An array of left-leaning and nationalist lawmakers gave the final go-ahead to Spain’s 450-billion-euro ($509 billion) budget for 2022, which allocates more than half of the funds to education, health, pensions, subsidies and other forms of social spending.

The budget includes the first 20 billion euros of 70 billion euros ($79.2 billion) total granted to the country from the European Union’s COVID-19 recovery funds. The European Commission, the executive branch of the 27-nation bloc, transferred to Spain an initial tranche of 10 billion euros ($11.3 billion) earlier this week.

The budget approval is seen as a crucial test of the parliamentary support of the minority coalition of Socialists and the anti-austerity United We Can party. By clearing the hurdle in a 281-62 vote with one abstention, Prime Minister Pedro Sánchez dispelled pressure to call an early election and increased his chances to see out his term, which ends in 2023.

His Cabinet also passed Tuesday a decree Tuesday that overhauls the country’s labor rules, a commitment by Sánchez´s government with the European Commission before the end of 2021 in order to secure the next instalment of EU pandemic funds.

The labor reform reverts business-friendly regulations adopted in 2012 by a previous conservative administration at the height of last decade’s sovereign debt crisis.

It limits most temporary contracts that are prevalent in the eurozone’s fourth-largest economy to a maximum of three months and brings back collective bargaining with unions as the main channel to negotiate contracts. It also adopts the furlough program used to avoid layoffs during the COVID-19 pandemic as a fixed tool for companies to turn to in future crises.

The reform has been sanctioned by workers’ unions and trade associations, a rare achievement for the government and a personal win for Labor Minister Yolanda Díaz, a former labor attorney who has become the rising star in United We Can, the coalition’s junior partner.

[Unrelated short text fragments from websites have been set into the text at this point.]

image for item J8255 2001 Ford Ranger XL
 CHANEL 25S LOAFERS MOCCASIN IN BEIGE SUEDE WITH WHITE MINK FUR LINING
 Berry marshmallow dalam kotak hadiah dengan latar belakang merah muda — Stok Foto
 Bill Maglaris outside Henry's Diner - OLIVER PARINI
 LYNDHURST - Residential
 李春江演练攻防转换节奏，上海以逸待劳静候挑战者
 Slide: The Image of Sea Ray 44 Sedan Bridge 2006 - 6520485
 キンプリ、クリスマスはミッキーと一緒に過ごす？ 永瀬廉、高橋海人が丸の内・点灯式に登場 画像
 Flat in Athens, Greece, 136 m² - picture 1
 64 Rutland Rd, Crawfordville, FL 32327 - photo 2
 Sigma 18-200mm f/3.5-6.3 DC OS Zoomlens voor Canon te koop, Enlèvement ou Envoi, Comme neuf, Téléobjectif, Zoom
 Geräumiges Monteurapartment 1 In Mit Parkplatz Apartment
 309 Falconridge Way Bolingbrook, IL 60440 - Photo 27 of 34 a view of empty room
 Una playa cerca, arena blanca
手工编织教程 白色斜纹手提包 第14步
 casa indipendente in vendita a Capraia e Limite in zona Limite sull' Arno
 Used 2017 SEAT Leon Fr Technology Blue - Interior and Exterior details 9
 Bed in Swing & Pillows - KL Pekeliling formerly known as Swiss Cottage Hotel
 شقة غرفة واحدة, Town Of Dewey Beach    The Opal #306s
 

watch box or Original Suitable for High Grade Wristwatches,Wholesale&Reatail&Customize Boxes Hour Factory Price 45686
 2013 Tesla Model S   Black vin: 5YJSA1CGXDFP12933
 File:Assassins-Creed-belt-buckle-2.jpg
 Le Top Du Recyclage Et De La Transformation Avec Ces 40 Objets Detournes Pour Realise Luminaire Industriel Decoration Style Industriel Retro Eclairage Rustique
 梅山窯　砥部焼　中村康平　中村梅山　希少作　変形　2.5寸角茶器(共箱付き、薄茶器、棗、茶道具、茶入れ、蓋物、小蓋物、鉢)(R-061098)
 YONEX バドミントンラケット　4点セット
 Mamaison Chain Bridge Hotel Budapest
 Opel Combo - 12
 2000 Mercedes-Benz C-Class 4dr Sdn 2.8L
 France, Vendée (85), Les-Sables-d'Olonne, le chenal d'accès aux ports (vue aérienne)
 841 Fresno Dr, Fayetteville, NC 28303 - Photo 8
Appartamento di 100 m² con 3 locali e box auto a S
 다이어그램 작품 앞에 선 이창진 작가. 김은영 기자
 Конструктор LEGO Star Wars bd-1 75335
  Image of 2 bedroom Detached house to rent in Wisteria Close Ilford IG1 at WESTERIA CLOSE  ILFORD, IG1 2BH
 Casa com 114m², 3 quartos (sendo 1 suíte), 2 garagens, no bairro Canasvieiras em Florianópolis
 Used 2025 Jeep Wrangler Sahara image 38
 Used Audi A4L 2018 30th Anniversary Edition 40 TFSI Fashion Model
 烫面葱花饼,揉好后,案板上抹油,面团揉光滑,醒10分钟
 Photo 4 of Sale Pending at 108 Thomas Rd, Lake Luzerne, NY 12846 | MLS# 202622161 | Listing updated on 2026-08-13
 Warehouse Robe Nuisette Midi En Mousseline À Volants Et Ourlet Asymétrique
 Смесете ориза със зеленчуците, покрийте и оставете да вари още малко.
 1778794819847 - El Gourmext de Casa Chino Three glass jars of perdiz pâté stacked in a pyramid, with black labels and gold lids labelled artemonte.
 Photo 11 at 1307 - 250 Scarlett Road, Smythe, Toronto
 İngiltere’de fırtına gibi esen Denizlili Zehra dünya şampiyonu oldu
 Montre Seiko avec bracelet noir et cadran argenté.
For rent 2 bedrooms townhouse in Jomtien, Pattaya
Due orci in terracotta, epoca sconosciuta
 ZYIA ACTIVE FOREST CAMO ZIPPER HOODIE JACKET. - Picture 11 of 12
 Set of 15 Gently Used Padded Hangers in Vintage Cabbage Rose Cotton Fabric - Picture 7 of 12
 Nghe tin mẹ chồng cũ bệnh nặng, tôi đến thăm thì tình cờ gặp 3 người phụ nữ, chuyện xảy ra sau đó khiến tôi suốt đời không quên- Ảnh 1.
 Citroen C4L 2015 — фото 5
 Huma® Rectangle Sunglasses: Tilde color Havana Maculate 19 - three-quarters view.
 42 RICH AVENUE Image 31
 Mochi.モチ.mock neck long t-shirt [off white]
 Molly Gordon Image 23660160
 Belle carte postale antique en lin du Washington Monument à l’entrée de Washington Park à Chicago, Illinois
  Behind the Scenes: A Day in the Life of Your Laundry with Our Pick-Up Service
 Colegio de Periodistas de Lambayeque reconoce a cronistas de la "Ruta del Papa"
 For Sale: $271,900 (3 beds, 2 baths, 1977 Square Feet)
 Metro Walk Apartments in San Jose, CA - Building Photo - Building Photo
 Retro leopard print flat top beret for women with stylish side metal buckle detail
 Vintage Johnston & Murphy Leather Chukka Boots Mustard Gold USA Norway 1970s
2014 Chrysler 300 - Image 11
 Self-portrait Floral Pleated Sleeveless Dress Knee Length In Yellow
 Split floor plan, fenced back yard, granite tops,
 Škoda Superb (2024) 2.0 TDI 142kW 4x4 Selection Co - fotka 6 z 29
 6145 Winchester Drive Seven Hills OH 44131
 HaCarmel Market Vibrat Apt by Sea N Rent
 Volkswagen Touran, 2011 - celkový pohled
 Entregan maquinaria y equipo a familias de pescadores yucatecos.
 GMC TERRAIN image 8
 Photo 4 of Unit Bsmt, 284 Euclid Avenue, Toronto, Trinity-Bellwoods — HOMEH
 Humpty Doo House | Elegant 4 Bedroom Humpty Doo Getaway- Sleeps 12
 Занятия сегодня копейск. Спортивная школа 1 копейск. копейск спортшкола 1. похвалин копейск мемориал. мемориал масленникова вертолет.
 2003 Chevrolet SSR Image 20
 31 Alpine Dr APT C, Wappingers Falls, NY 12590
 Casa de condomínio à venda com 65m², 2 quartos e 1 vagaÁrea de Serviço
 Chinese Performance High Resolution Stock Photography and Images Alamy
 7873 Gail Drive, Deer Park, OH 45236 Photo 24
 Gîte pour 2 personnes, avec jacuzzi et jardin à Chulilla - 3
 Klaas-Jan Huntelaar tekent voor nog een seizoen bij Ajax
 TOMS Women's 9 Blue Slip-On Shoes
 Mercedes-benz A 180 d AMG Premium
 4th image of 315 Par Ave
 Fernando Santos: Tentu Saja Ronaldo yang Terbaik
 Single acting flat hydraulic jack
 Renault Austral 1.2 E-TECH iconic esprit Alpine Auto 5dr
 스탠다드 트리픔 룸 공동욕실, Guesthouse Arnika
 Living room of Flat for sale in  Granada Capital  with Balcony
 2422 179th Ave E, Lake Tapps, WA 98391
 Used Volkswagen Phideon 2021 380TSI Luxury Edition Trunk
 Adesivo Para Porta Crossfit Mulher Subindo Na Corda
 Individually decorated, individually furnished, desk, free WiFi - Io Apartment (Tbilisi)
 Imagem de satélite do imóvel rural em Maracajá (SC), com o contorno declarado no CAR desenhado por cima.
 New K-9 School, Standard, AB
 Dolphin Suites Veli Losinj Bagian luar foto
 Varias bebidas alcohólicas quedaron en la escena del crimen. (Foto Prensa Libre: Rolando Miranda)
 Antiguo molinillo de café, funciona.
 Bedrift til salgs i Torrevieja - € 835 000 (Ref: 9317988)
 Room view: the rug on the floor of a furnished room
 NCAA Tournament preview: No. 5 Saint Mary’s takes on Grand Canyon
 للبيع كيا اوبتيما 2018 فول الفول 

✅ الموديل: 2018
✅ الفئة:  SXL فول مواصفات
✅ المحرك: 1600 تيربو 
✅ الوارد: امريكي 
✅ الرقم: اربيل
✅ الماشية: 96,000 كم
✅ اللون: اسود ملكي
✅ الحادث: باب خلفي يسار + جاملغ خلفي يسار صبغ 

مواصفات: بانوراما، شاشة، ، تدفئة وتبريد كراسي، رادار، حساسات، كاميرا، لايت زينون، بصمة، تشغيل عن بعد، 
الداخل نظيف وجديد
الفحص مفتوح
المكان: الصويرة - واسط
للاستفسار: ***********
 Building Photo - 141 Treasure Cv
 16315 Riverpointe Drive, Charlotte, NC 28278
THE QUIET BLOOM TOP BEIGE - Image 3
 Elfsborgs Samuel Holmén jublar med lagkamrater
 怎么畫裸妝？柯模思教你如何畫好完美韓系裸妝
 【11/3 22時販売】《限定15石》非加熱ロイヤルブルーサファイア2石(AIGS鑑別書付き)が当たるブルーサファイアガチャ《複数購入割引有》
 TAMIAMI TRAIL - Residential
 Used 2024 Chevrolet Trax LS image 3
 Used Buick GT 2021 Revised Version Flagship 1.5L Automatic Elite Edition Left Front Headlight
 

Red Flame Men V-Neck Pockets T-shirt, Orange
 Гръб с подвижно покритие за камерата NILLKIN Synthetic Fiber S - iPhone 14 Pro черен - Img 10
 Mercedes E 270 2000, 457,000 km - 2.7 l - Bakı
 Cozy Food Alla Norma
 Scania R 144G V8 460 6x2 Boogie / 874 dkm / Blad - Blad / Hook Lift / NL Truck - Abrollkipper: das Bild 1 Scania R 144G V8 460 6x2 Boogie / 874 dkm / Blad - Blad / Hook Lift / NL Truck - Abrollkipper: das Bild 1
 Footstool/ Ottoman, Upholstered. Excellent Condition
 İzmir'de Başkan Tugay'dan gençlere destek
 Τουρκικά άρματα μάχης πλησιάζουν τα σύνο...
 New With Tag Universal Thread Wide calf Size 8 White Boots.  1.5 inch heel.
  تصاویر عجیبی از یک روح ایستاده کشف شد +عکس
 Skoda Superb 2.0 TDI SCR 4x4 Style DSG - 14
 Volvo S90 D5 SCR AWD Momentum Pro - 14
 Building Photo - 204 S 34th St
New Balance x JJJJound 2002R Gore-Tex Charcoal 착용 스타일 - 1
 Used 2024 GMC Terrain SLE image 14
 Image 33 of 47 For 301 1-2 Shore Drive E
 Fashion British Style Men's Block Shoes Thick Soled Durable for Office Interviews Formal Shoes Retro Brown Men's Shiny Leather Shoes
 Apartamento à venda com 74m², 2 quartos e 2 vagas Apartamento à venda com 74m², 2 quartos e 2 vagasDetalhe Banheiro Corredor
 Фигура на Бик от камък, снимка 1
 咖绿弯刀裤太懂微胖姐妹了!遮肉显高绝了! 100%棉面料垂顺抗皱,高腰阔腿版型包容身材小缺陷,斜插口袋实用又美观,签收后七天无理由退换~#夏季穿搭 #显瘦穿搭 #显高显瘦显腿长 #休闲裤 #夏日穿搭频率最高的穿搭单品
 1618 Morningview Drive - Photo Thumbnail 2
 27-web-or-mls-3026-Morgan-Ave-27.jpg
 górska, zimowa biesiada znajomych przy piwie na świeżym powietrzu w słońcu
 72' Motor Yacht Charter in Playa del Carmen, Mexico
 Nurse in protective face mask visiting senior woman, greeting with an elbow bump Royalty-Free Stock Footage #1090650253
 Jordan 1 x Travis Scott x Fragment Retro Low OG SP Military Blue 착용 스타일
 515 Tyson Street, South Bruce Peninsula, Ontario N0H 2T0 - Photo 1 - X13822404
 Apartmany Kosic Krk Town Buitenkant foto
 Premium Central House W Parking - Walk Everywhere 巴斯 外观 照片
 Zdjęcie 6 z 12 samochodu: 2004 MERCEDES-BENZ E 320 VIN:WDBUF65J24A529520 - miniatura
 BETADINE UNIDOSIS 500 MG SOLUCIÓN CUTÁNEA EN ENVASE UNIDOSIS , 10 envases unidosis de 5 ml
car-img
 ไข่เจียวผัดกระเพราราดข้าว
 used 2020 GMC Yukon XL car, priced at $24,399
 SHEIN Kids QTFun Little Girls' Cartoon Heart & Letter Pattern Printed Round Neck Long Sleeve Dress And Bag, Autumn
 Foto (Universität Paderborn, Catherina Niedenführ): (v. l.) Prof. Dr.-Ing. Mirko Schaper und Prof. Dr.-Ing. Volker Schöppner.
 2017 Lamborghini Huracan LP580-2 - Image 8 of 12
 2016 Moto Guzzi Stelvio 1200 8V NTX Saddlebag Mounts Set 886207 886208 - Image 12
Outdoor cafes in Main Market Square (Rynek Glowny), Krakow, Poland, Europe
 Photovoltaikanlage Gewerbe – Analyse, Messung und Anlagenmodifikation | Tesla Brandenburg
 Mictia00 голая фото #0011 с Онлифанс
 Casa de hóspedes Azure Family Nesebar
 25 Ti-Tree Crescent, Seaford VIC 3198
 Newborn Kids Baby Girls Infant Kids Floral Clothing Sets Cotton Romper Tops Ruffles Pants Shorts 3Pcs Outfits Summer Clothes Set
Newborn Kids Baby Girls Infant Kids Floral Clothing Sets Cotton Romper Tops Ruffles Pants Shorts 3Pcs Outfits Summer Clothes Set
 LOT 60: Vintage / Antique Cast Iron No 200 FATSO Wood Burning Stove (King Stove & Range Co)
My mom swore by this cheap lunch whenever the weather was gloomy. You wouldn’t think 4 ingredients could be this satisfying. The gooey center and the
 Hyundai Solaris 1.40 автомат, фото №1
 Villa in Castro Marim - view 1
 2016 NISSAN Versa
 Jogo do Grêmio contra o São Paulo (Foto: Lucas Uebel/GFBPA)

“This reform turns a page on the precariousness in Spain,” Díaz told reporters during a weekly news conference following the Cabinet meeting, referring to official data that shows that one out of four contracts in Spain is short-term, the highest rate in the EU.

The country’s unemployment rate, at 14.5% in October, is also one of Europe’s highest.

“I dare to say that there are young people and women who have not known a decent contract in their lifetime,” the minister added. “Now we are going to give them the opportunity to break with the trap of precarious lives.”

The new rules take effect Wednesday, although the government will need to find support once again from smaller parties to ratify the changes in a parliamentary vote early next year.

Sánchez’s minority coalition controls 155 of the 350 seats in the Congress of Deputies and has needed the votes of Catalan and Basque nationalist parties, among others, to pass legislation.